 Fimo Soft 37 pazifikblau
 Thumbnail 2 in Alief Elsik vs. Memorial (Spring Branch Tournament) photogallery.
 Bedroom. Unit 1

::::::::

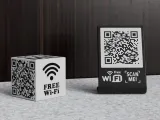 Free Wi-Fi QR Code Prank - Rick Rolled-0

::::::::

### TO DO
Of the entries listed above, reproduce only the lines starting at the line containing "Fimo Soft 37 pazifikblau" and ending at the line containing "Bedroom. Unit 1". Include both, exactly as they stand.

### ANSWER AREA
 Fimo Soft 37 pazifikblau
 Thumbnail 2 in Alief Elsik vs. Memorial (Spring Branch Tournament) photogallery.
 Bedroom. Unit 1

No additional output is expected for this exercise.